Specialty pharmacy has demonstrated the ability to support the application of evidence-based medicine as part of the medication utilization and management process. Because this is the fastest-growing segment of drug spending and the largest proportion of the drug development pipeline, understanding the evolving evidence supporting the use of these treatment options and identifying their appropriate place in therapy will continue to be a focus for health care providers and payers alike. Application of evidence-based practices is critical to ensuring the safe and effective use of specialty medications, optimizing treatment outcomes, and minimizing health care costs both today and in the future.

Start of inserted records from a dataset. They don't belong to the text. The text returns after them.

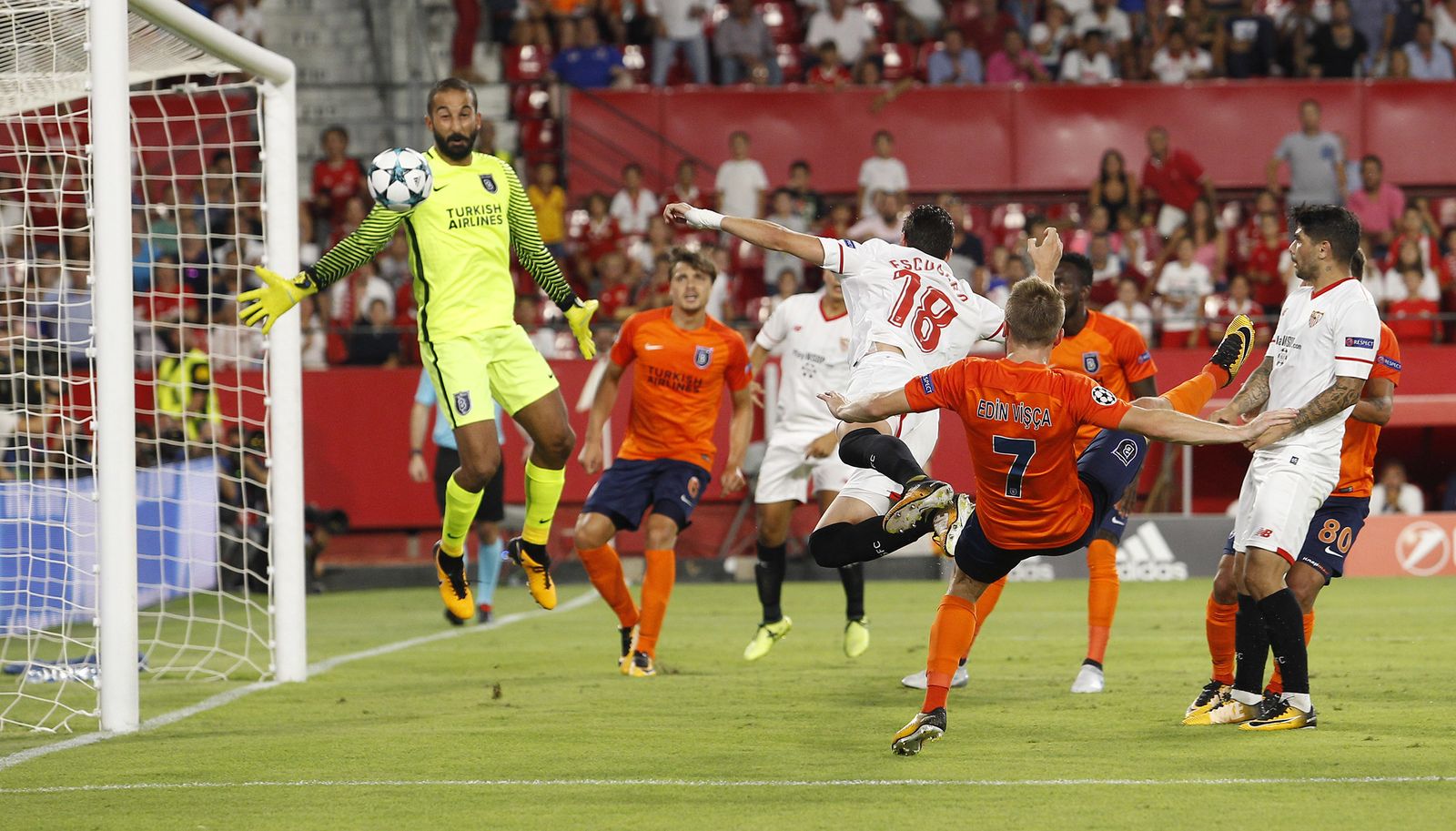 Las imágenes del Sevilla-Basaksehir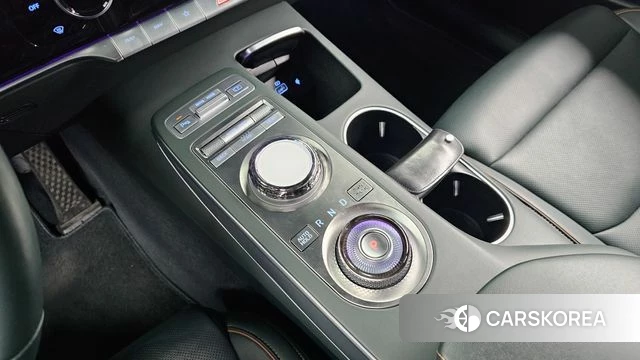 Genesis GV70 id 3904231 из Кореи 19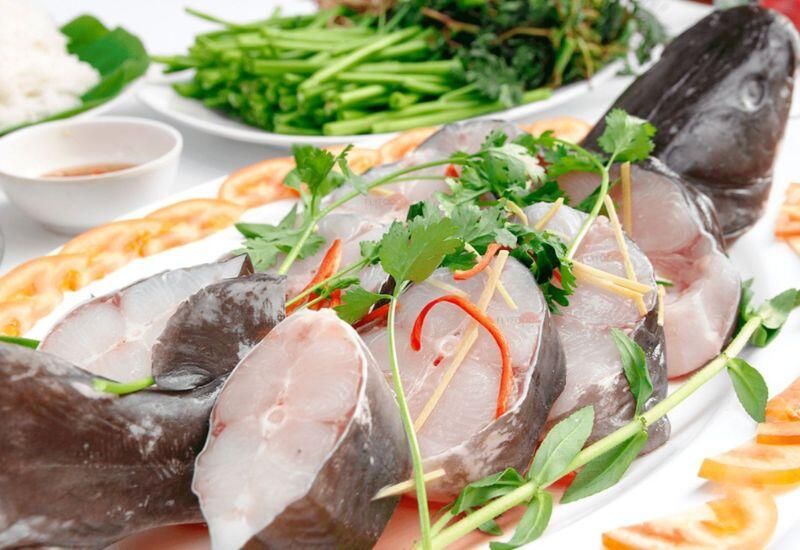 Cá lăng được mệnh danh là “vua cá sông” nhờ phần thịt trắng, ít xương và chứa lượng đạm dồi dào. Loại cá này giàu axit amin giúp phục hồi năng lượng, có khả năng chống oxy hóa mạnh mẽ nhờ vitamin A và E. Protein trong cá lăng cũng dễ hấp thụ, phù hợp với người lớn tuổi.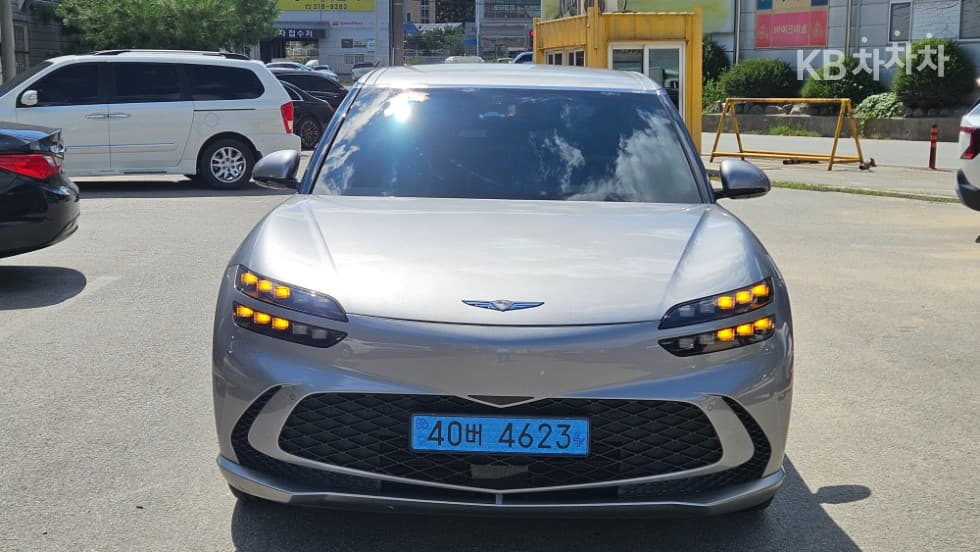Genesis GV60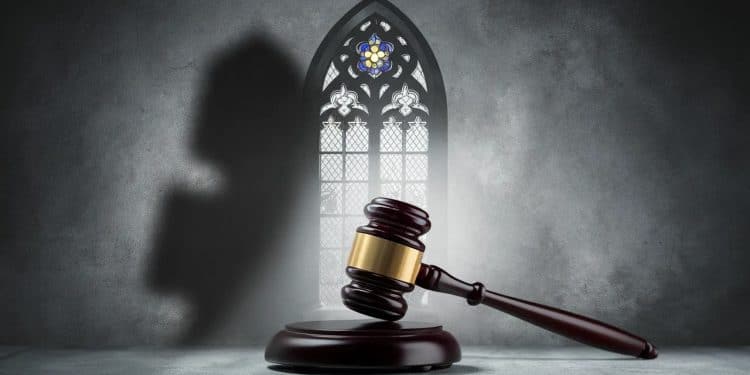 Dans un rapport dévoilé vendredi la justice canadienne ordonne à lÉglise catholique de verser 104 millions de dollars aux victimes de violences sexuelles   Viral Mag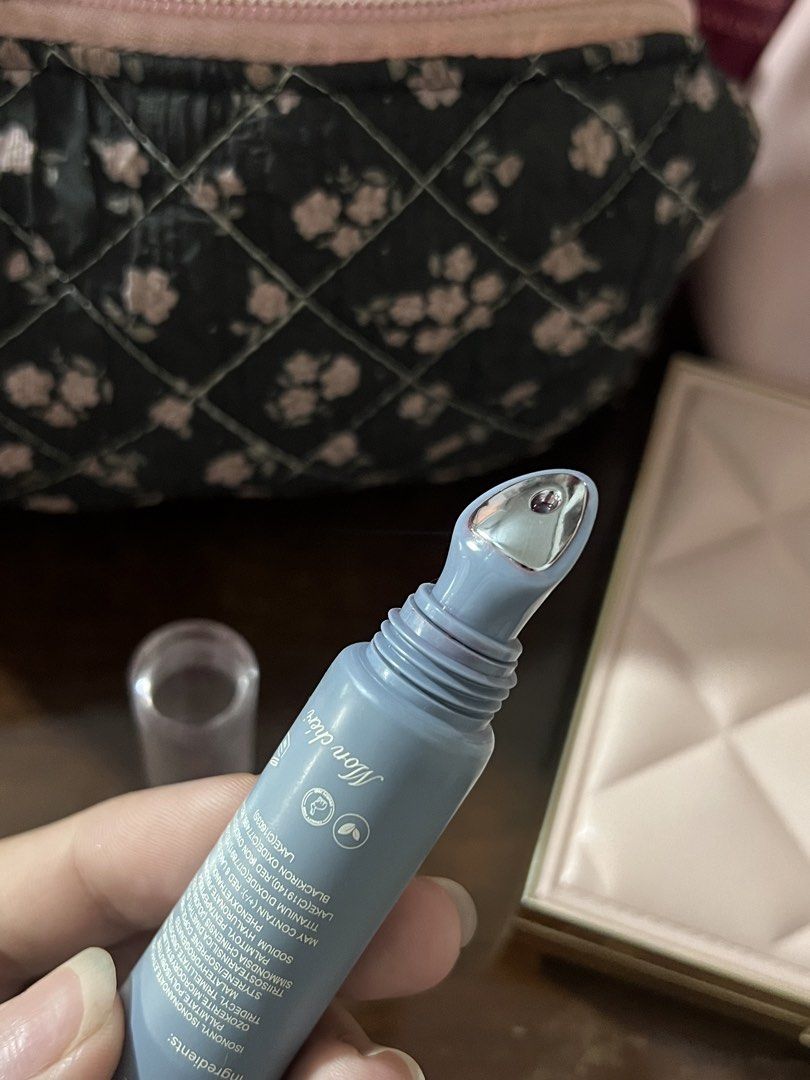 Muse Peptide Lip Oil Butter (Category: Makeup) located in Rizal. Submitted by flowerypt (Listing ID 1445262203, Image 3). Description: Muse Peptide Lip Oil Butter in Mon Chéri ₱80 -No box na -Used a few times but not abused -Bought late last year DM me for more info!✨ RFS: wrong shade, and too many lippies 📍Rizal MOP: Gcash or Cash(for meetup only) MOD: J&T, Lalamove, or your preferred delivery..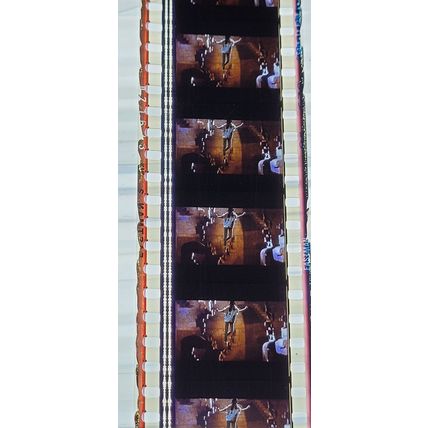 Labyrinth. Pk VZA - A012l. - 1 STRIP OF 5 - 35MM FILM CELLS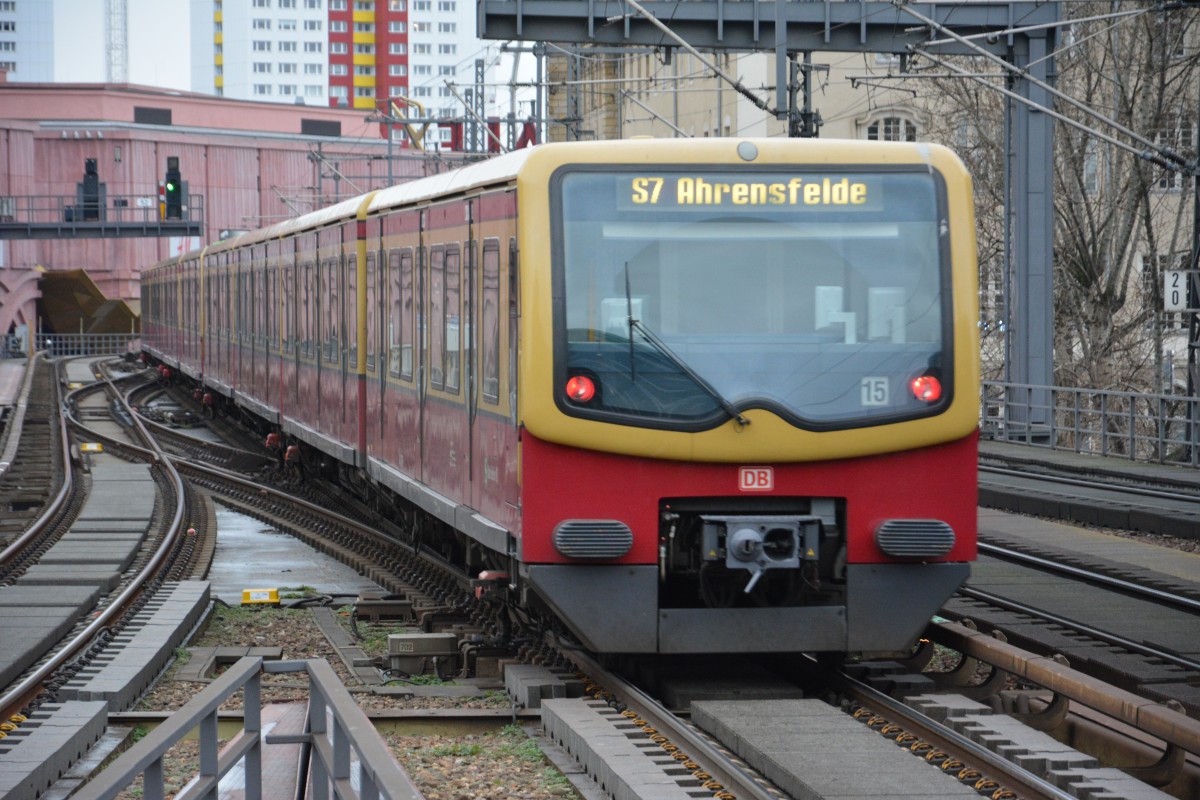 BR 481 auf der Linie S7 nach Ahrensfelde. Aufgenommen am 24.12.2014 zwischen Berlin Alexanderplatz und Berlin Jannowitzbrücke.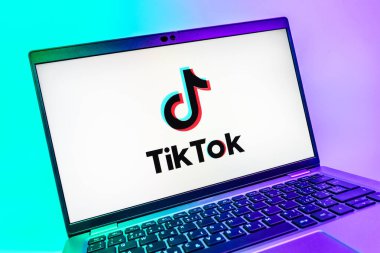 Prag, Çek Cumhuriyeti - 08 01 2025: TikTok logosunu gösteren dizüstü bilgisayarın yakın görüntüsü. TikTok kısa, yaratıcı ve viral video platformu.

The author would like to thank Lida Andrews, PharmD, director of Specialty Pharmacy Programs at CVS Caremark, for her contributions to this article.

References

  1. CVS Caremark 2007 specialty trend data and CVS Caremark 2007 Book of Business data.
  2. CVS Caremark Book of Business.
  3. Management of Hepatitis C: 2002. NIH Consensus and State of the Science Statements. Bethesda, MD: National Institutes of Health. June 2002. consensus.nih.gov/2002/2002Hepatitisc2002116html.htm. Accessed December 15, 2008.
  4. Strader DB, Wright T, Thomas DL, Seeff LB. Diagnosis, management, and treatment of hepatitis C. AASLD Practice Guideline. Hepatology. 2004;39(4):1147-1171.
  5. Dienstag JL, McHutchinson JG. American Gastroenterological Association Medical Position on the Management of Hepatitis C. Gastroenterology. 2006;130(1):225-230.
  6. Caremark Data Warehouse 2007. January 2008.
  7. Internal Caremark data 2007. April 2008.